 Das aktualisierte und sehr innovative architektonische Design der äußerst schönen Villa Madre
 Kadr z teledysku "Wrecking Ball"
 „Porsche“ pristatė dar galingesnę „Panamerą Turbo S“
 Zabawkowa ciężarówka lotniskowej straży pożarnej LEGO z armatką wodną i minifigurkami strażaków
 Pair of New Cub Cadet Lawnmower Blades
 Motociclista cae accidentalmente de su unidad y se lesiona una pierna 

· · · · ·

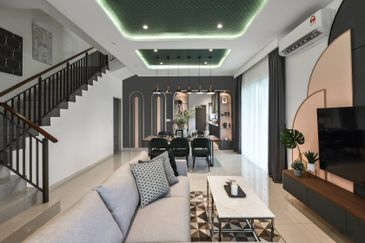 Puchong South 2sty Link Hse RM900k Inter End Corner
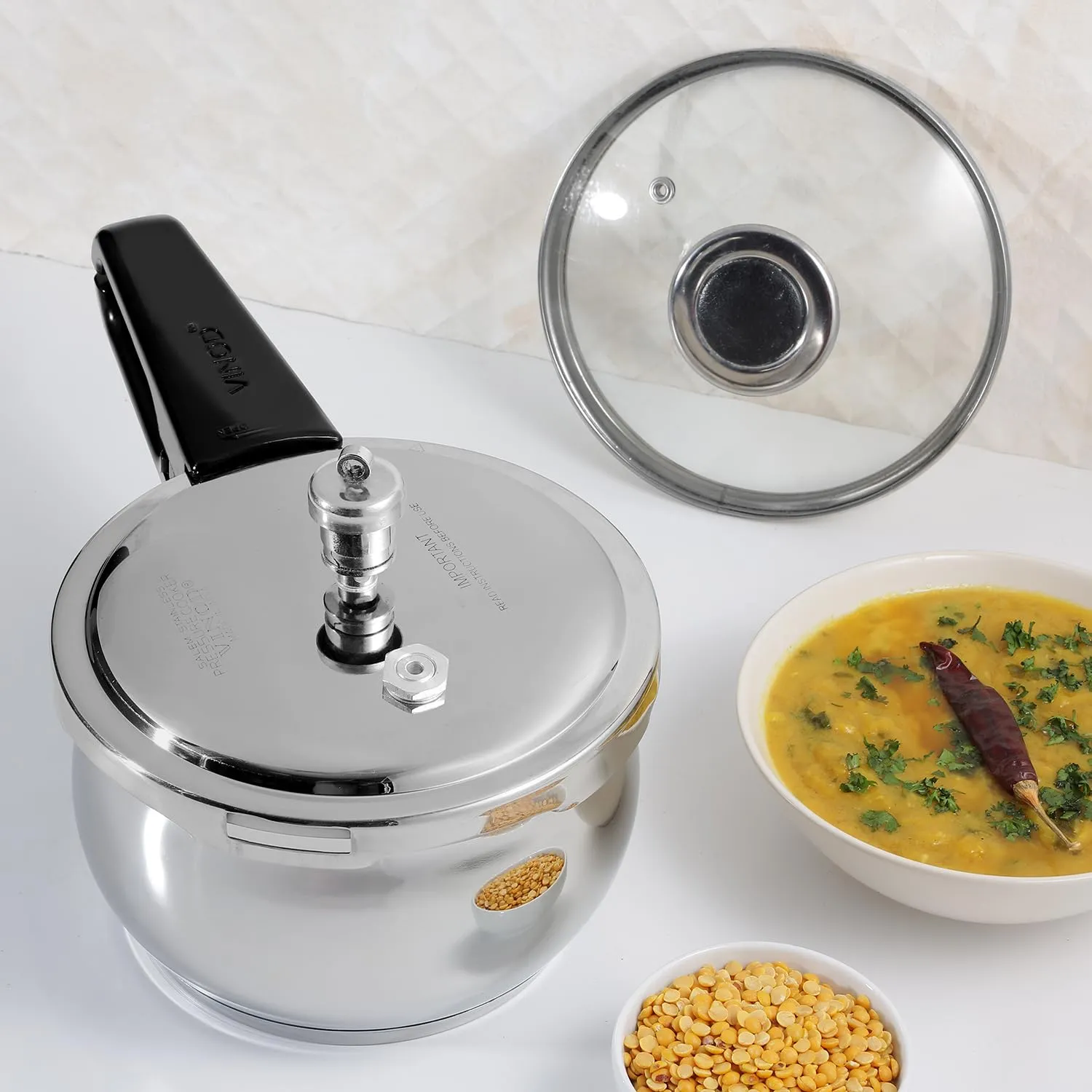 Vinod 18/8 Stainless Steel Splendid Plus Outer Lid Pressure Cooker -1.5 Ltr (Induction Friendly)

· · · · ·

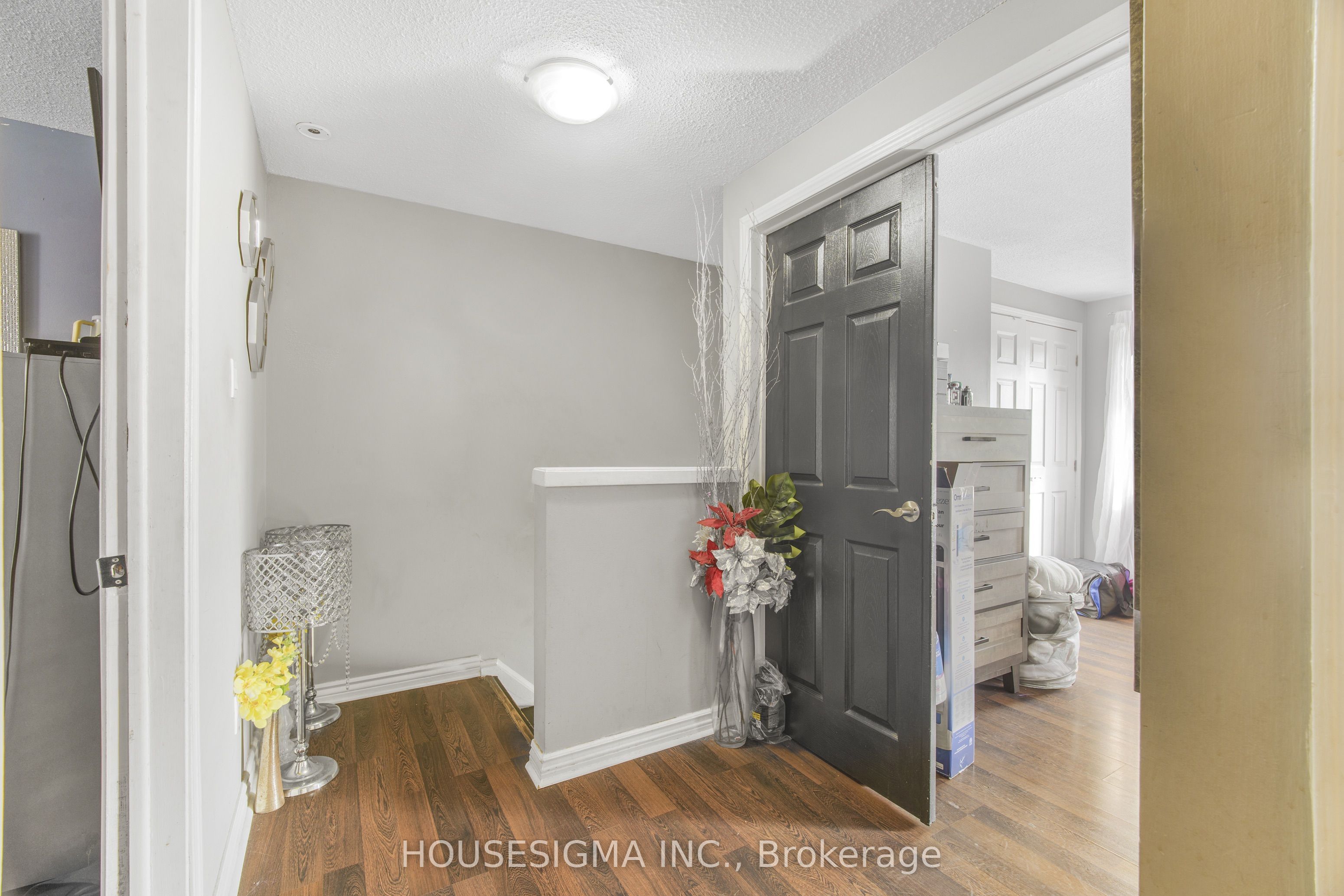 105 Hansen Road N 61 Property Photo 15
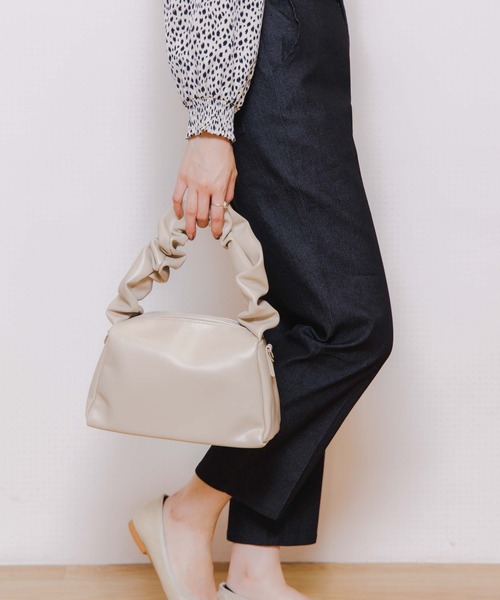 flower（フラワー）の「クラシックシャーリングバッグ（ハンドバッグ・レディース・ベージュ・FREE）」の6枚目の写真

· · · · ·

### Task:
Find the line with "105 Hansen Road N 61 Property Photo 15" and the line with "flower（フラワー）の「" in the records above. Copy both and all lines between them exactly, without pictures.

### Task solution:
 105 Hansen Road N 61 Property Photo 15
 flower（フラワー）の「クラシックシャーリングバッグ（ハンドバッグ・レディース・ベージュ・FREE）」の6枚目の写真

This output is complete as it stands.